リョーマにさえもそれはわかるくらいなのだから……でも。
手塚の言いたいことは、伝わってきて、リョーマを小さく微笑ませた。
「加護女とか北辰王とか言われても、俺にはまだ良くわかんないよ。だってここは俺の生まれた場所じゃないから。でも、還る方法がないから、ここにいるしかない、とか、手塚さんが言ったみたいに全てを捨てるんだ、とか……そういう風には思いたくないよ。ここに来たから、得るものだってあると思う。ここでしか得られないものも……あんたが俺を必要としてくれるなら、俺はここを『おれの世界』って言えるようになるかもしれない。『いるしかない』じゃなくて『いることを選んだ』って俺は思いたい……思いたいんだ」
元の世界のこと、家族のこと。
手塚が罪悪感を感じ続けるというなら、自分も……きっといつまでも懐かしく思い出し、その度に胸が痛むかもしれない。

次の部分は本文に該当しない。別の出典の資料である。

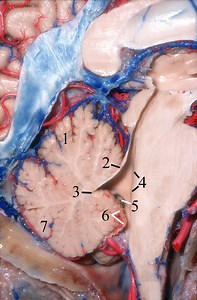 Fourth Ventricle Approaches | Cohen Collection | Volumes | The Neurosurgical Atlas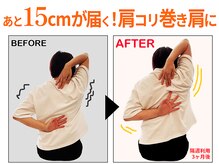 ストレチックス 東日本橋edone店/【実例：手組】隔週3ヵ月の変化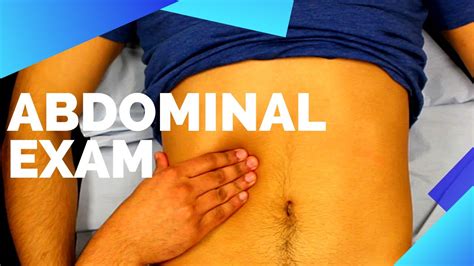 Abdominal Examination Osce Exam Demonstration Youtube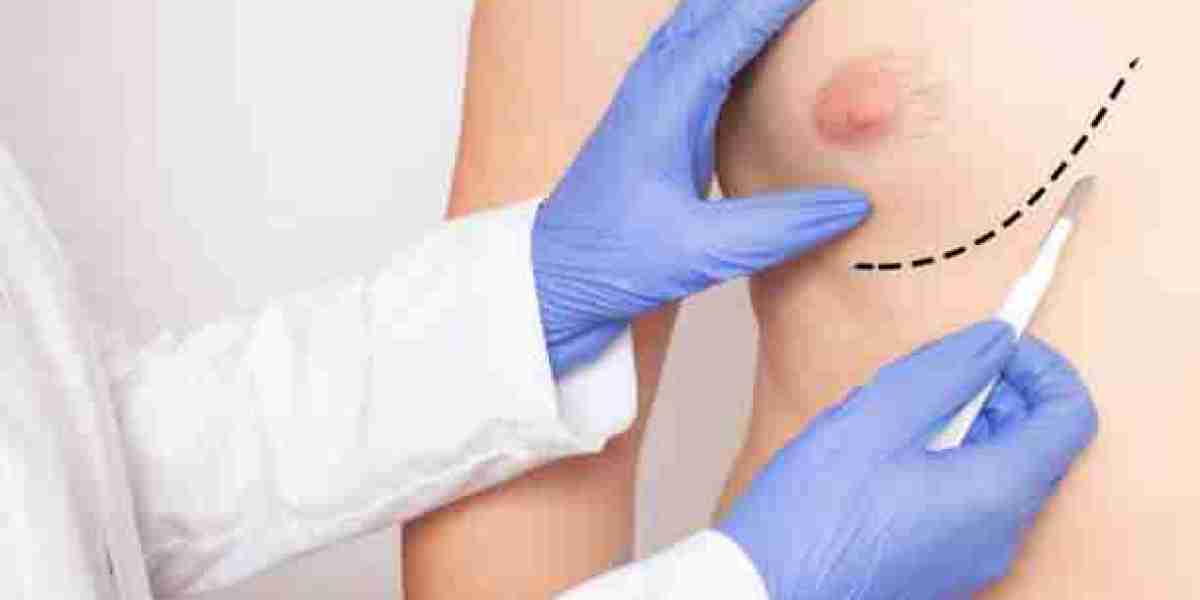 The Surgical Process for Gynecomastia in Riyadh: An Overview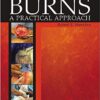 Burns: A Practical Approach to Immediate Treatment and Long Term Care 1st Edition PDF Burns: A Practical Approach to Immediate Treatment and Long Term Care 1st Edition PDF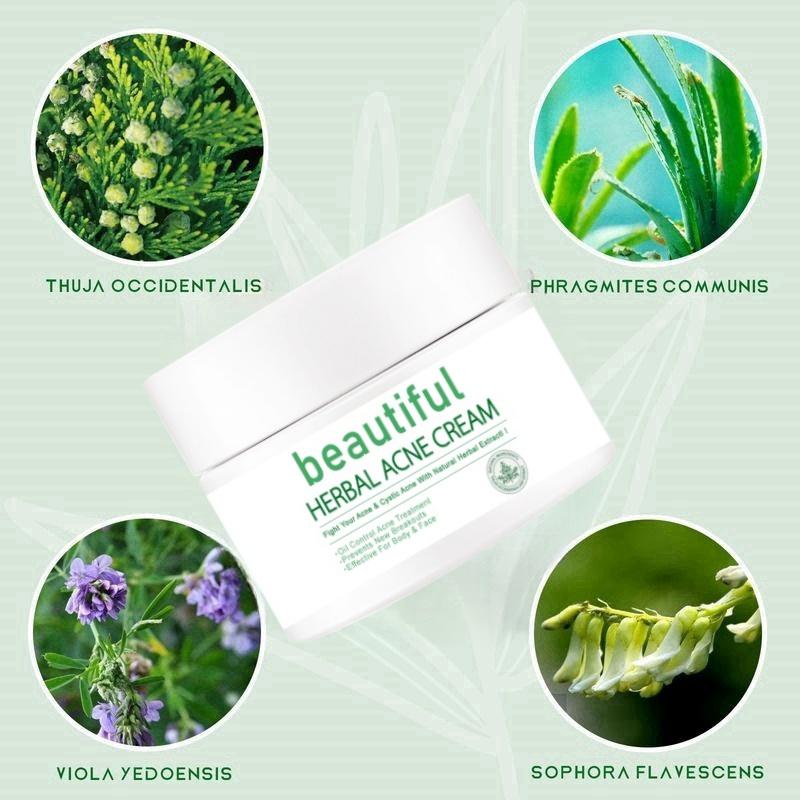 Acne Removing Cream, Acne Removing, Male and Female Students Fade Acne Marks, Acne Scar Removing Cream, Acne Pit Repairing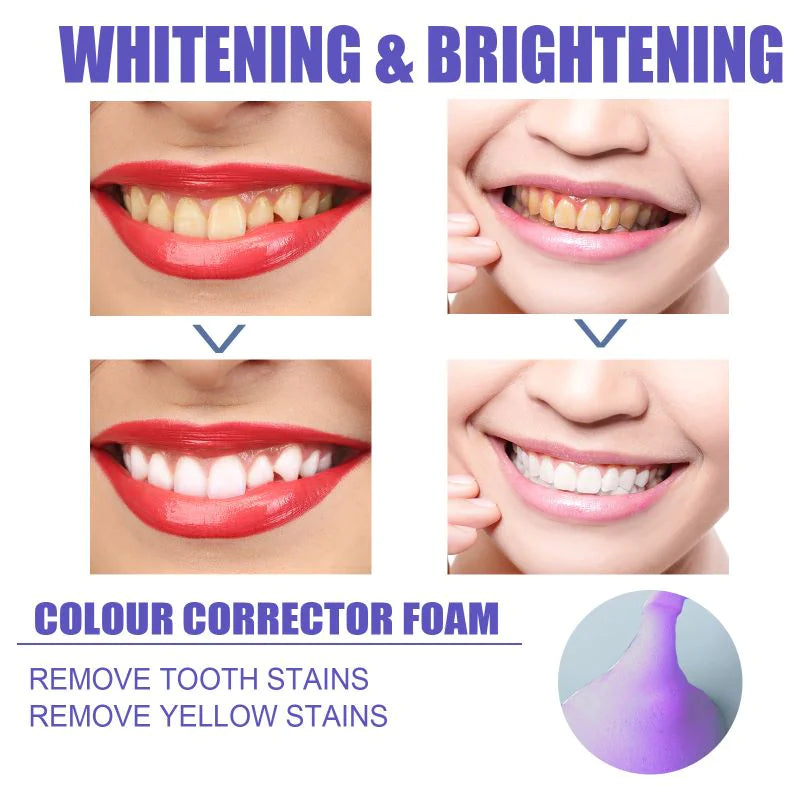 Black & Yellow Tooth Stain Foam Whitening Toothpaste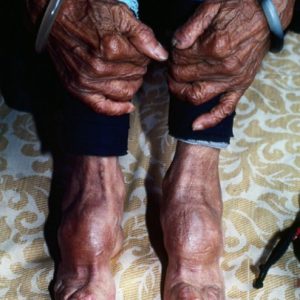 Vanishing Tribes Of Burma: Bound Feet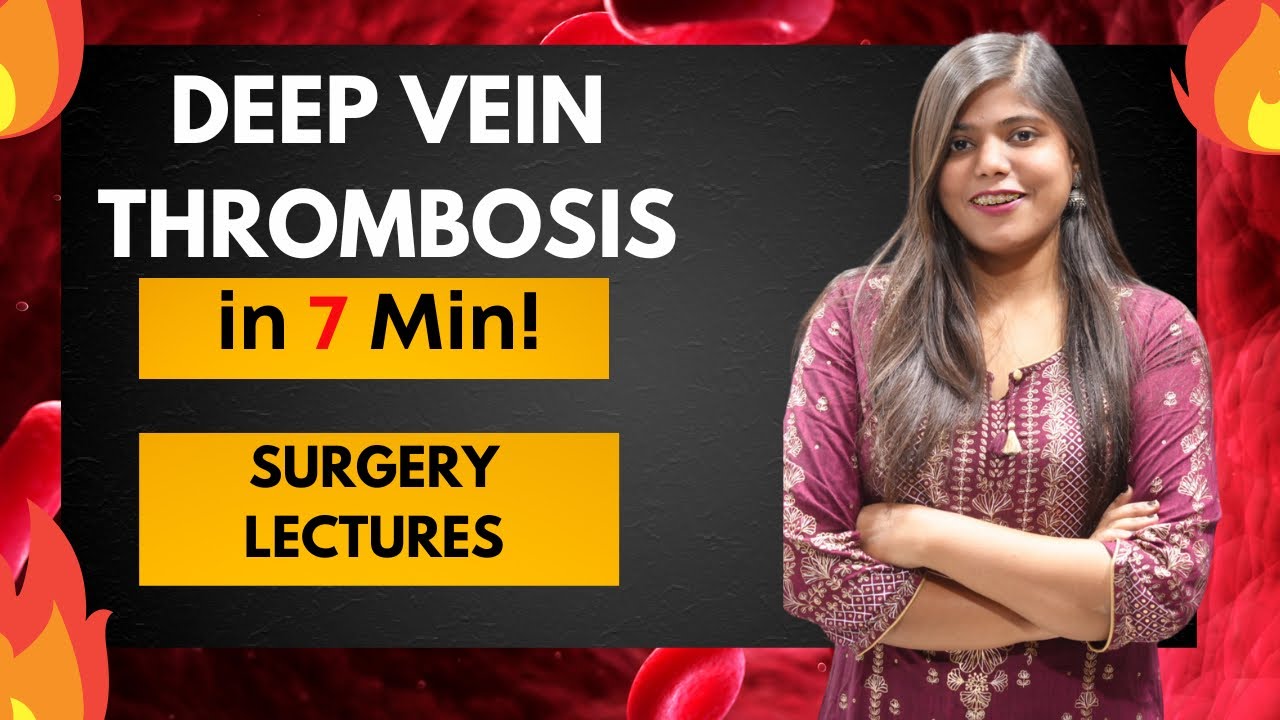 DVT- Definition, Clinical features, Treatment | Surgery Lectures and Notes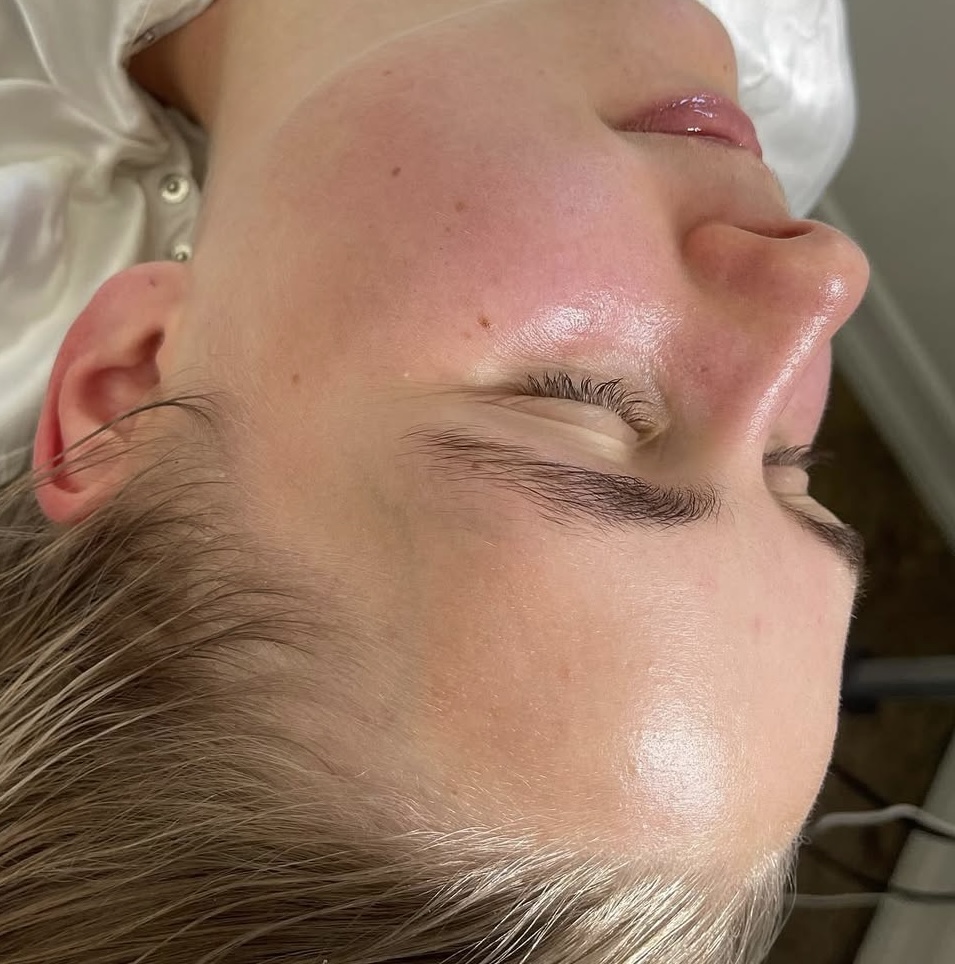 Signature Glass Skin Facial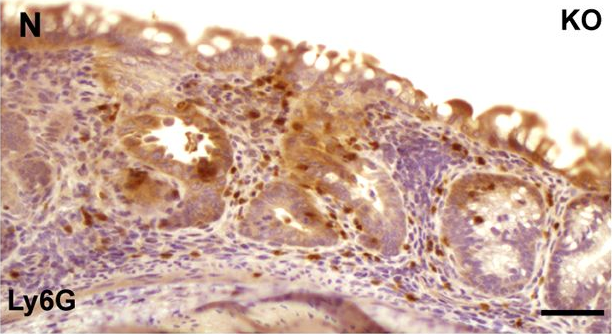 Fig.5.N showing Immunohistochemistry in a Mus musculus (House mouse) sample from the publication: hnRNP I regulates neonatal immune adaptation and prevents colitis and colorectal cancer.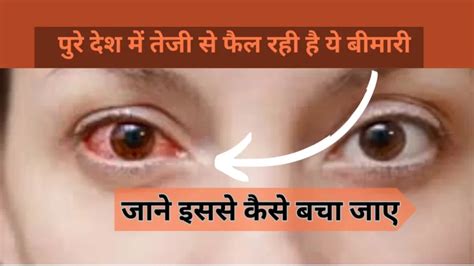 Eye Flu Conjunctivitis पुरे देश में तेजी से फैल रही है ये बीमारी जाने इससे कैसे बचा जाए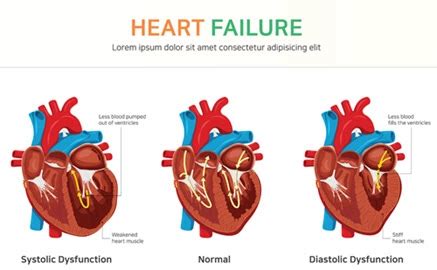 Conquer All Your Heart Failure ICD-10-CM Coding Conundrums : ICD-10-CM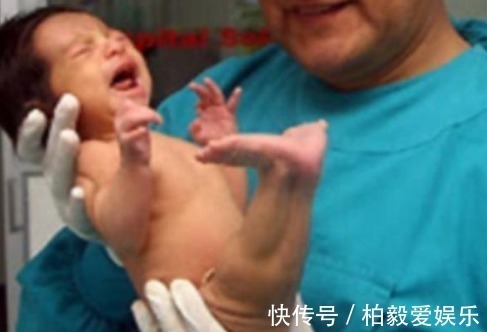 综合症|女童出生便患有美人鱼症,喜欢在水里的感觉,用乐观战胜缺陷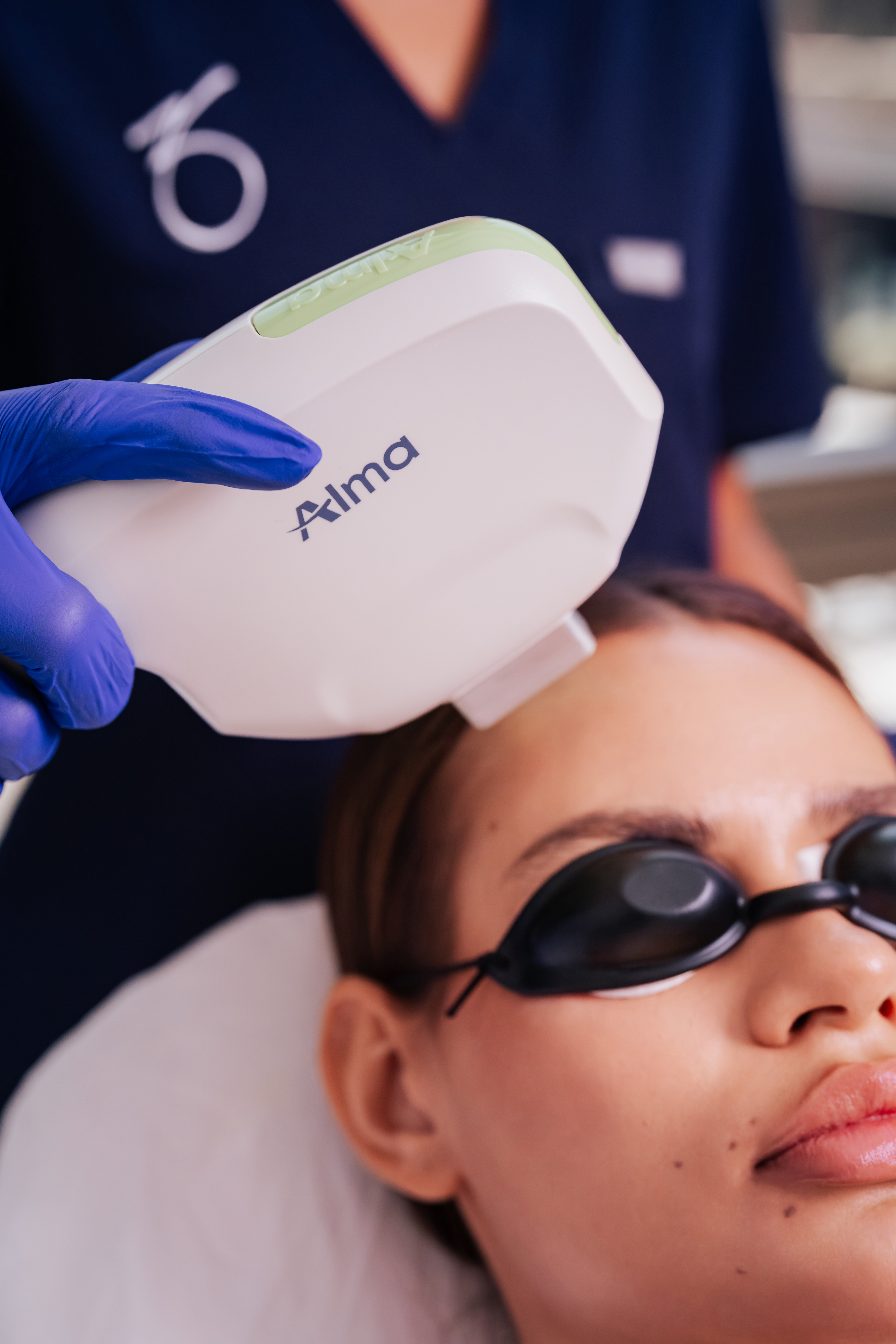 Dye VL Pro Photofacial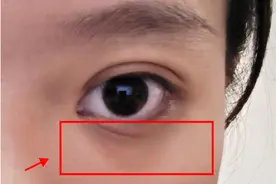 猝不及防！杭州女子年纪轻轻眼下就“黑”成这样...幸好发现的早！图片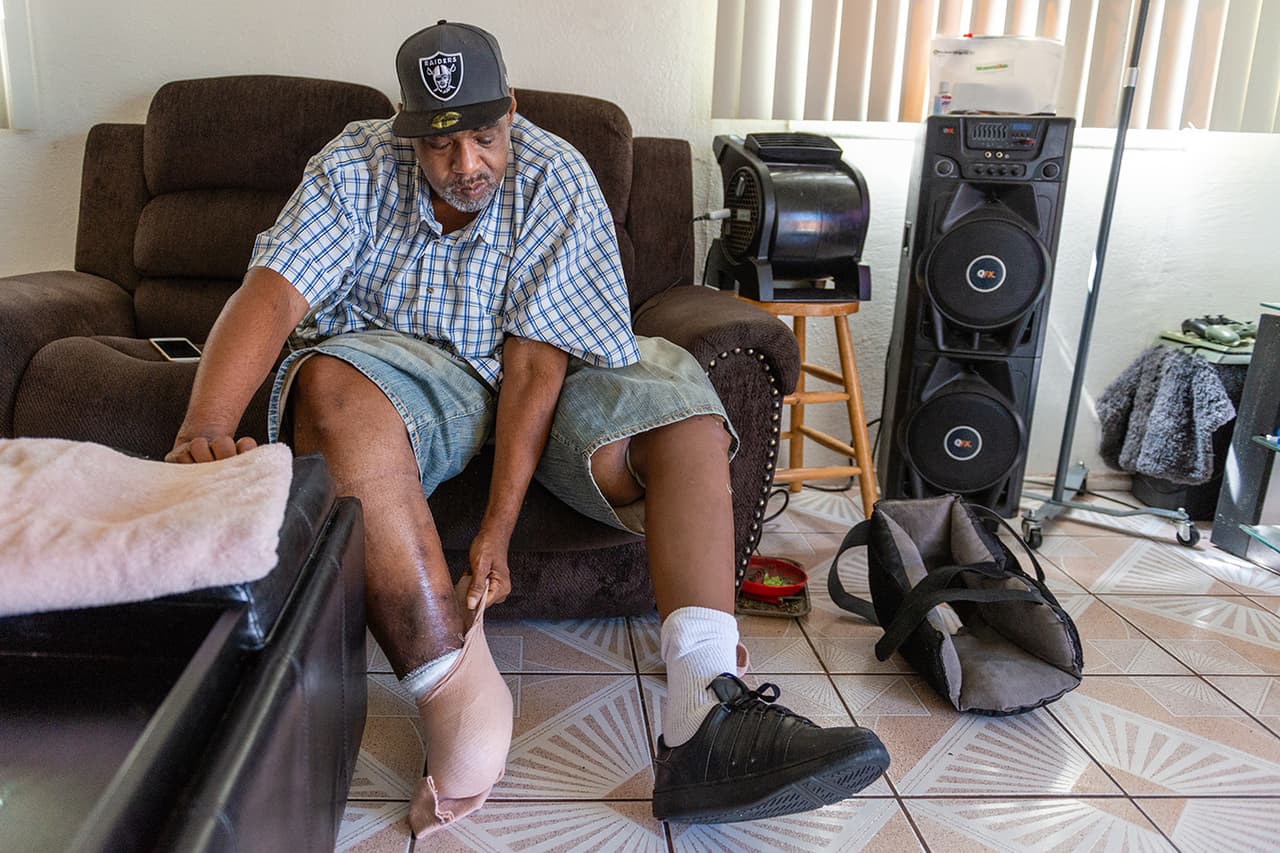 Minorías sufren más amputaciones diabéticas por falta de atención médica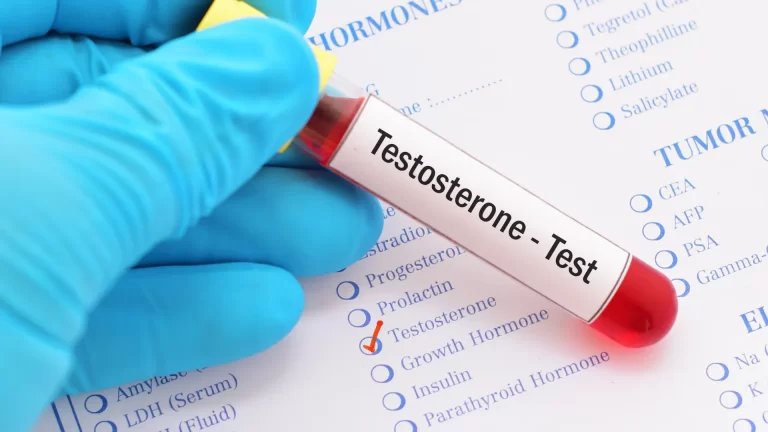 Top 7 At-Home Testosterone Testing Kits Reviewed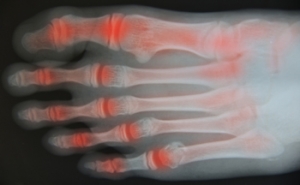 Osteoarthritis and the Feet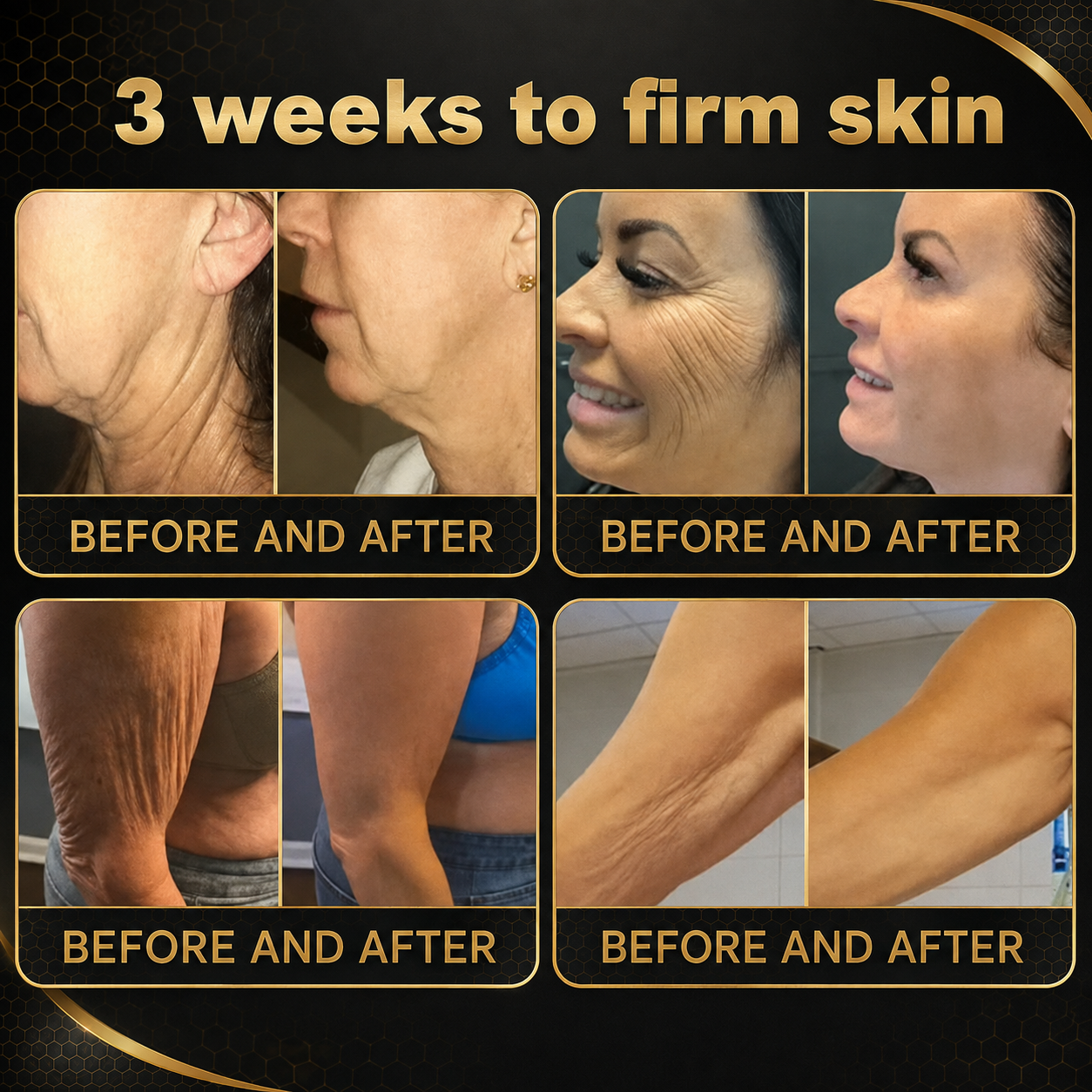 🧩Rolimey® Bee venom Pro Comprehensive Cream —Tightening for Skin Types 🔥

二度と会えない場所を選んでしまったことを、詫びる気持ちを。
でも、故郷より、家族より……手塚に出逢えたこと、彼の傍にいることが今のリョーマには一番大切なことだった。
北辰王とか、加護女とかじゃなく。
手塚は手塚として。
自分は、自分として。
想いを込めて、それが伝わることを願ってリョーマは手塚の瞳を見つめる。
手塚の表情が、ふっと緩んだ。
苦笑……というよりは、何かを観念したような表情。
「……手塚さん?」
問い掛けた瞬間、再びぎゅうっと抱き締められた。
「て、手塚さん?」
「……国光でいい」
「えっ?」
「国光でいい。北辰王の名を呼べるのは、両親と加護女だけだ。俺の両親はすでに亡い。だから……世界でただ一人、おまえだけが俺を名で呼ぶことができる」
「……くにみつ?」
初めて舌に乗せた彼の名前は、言葉にできないくらいの幸せをリョーマにもたらした。
「……くにみつ、毎晩、俺の様子見に来てくれた?」
「あぁ」
「心配だったから?」
「そうだ」
透理の言葉は嘘じゃなかった。
さっきまでとは違う意味を持つ涙が、ぽろりと頬を伝う。
「………………ありがと」
「礼を言うことじゃない。結局俺は、おまえを泣かせてしまった。それだけは、したくなかったのにな」
「もうしないよね?」
「あぁ、もうしない。おまえを泣かせない。おまえを護って、誰より大切にするよ」
優しく優しく囁かれて。
「おまえが俺の加護女だ……リョーマ」
名前を呼ばれた喜びを、どうやって表したらいいだろう。
嬉しくて。
幸せなこの気持ちを。
初めてこの人と、心が触れ合った気がする。
心だけじゃ足りない、と欲張りな気もちが訴えてくるから。
リョーマは腕を伸ばす。
そうしてぎゅっと、運命の人に抱きついた。
それこそが、二人にとって、真実始まりの瞬間だった。
天領国暦 玉悠五年 櫻霞月
遥かなる地より、天海の辺にて加護女降臨す。